WORK ORDER:
With the pictures omitted, repeat exactly the lines below starting with the line that has "VW ゴルフ MK6 MK7" and going on through the line that has "Shop Bush Furniture".

Brief descriptive captions
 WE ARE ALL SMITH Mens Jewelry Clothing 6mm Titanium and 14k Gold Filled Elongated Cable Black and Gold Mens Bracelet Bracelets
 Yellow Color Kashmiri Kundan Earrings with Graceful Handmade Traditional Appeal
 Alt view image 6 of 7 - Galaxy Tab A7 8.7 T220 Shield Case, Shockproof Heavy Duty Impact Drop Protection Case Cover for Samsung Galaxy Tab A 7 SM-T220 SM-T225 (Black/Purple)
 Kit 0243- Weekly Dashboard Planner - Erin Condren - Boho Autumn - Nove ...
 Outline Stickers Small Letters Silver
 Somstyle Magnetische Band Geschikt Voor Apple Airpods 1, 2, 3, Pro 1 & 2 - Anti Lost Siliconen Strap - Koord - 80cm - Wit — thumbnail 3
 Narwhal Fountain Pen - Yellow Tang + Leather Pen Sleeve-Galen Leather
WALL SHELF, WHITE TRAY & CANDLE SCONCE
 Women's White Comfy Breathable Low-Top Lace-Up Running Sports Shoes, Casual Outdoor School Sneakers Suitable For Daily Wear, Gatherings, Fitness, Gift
* * *
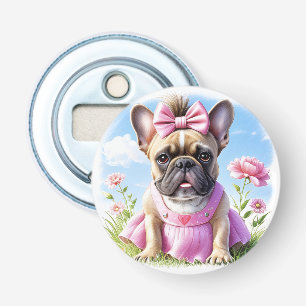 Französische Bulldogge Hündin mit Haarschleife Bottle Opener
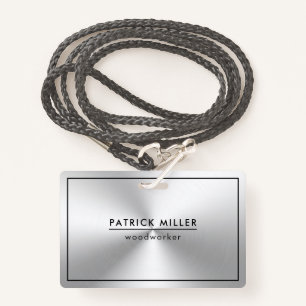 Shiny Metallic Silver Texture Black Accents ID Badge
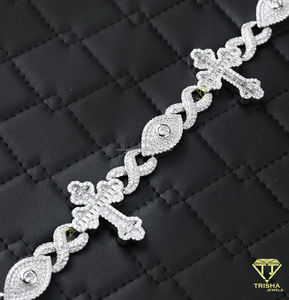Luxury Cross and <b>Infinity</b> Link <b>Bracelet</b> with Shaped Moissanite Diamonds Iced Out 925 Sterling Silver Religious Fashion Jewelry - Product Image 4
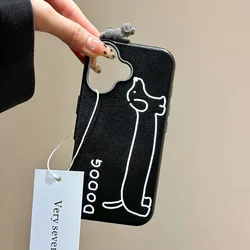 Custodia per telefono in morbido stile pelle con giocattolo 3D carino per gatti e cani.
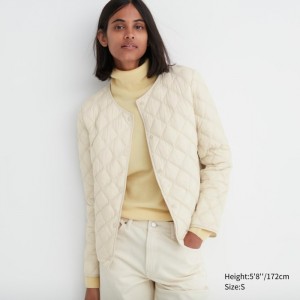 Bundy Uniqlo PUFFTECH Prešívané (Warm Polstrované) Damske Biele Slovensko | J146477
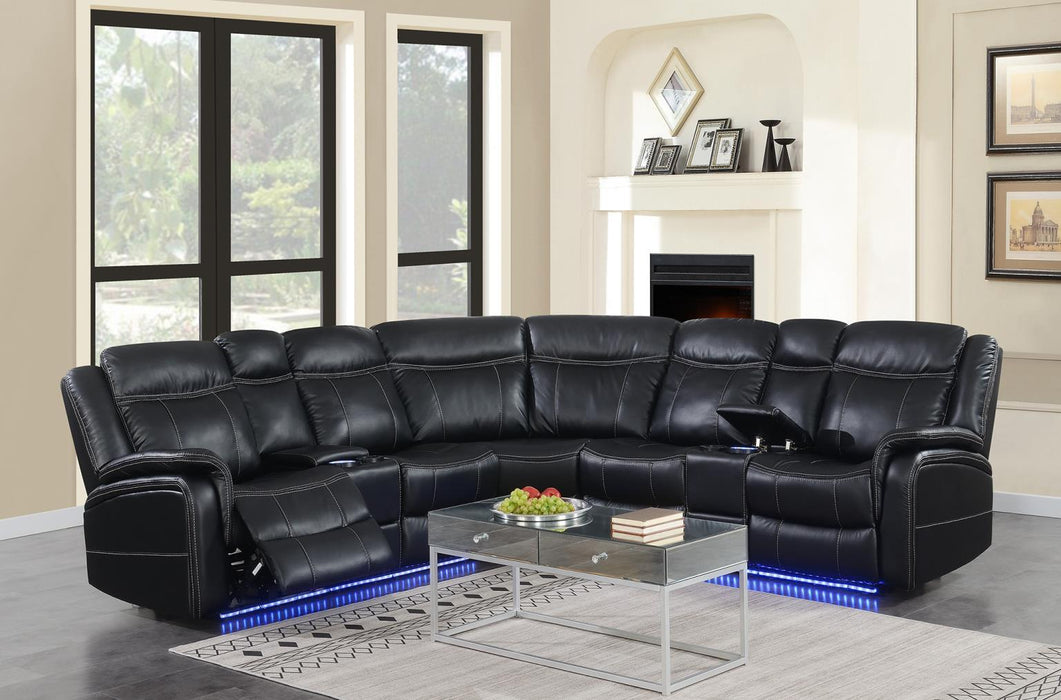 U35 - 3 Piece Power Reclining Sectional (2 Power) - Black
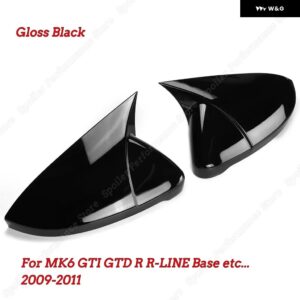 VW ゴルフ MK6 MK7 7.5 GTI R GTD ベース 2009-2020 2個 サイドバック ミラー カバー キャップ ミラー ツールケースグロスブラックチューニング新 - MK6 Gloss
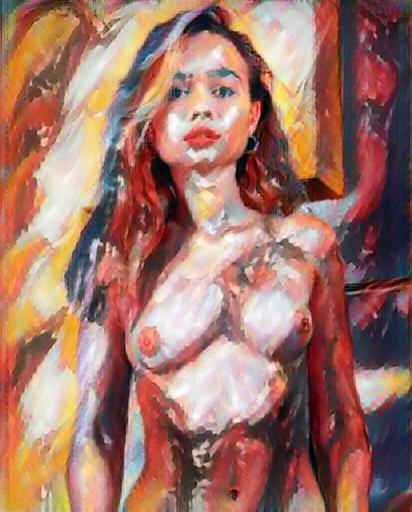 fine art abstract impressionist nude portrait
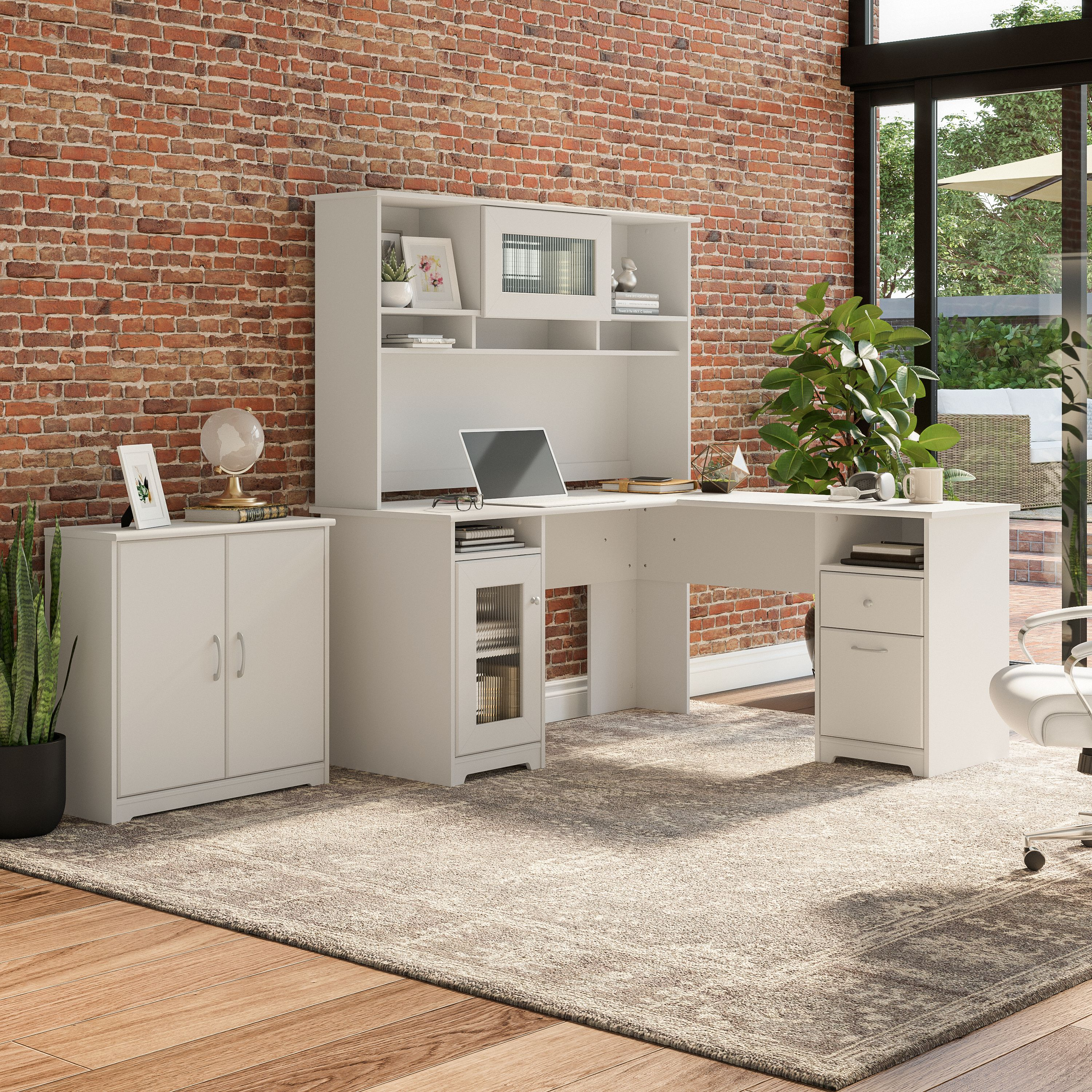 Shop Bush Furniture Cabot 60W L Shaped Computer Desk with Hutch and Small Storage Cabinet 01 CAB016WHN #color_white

OUTPUT BELOW:
 VW ゴルフ MK6 MK7 7.5 GTI R GTD ベース 2009-2020 2個 サイドバック ミラー カバー キャップ ミラー ツールケースグロスブラックチューニング新 - MK6 Gloss
 fine art abstract impressionist nude portrait
 Shop Bush Furniture Cabot 60W L Shaped Computer Desk with Hutch and Small Storage Cabinet 01 CAB016WHN #color_white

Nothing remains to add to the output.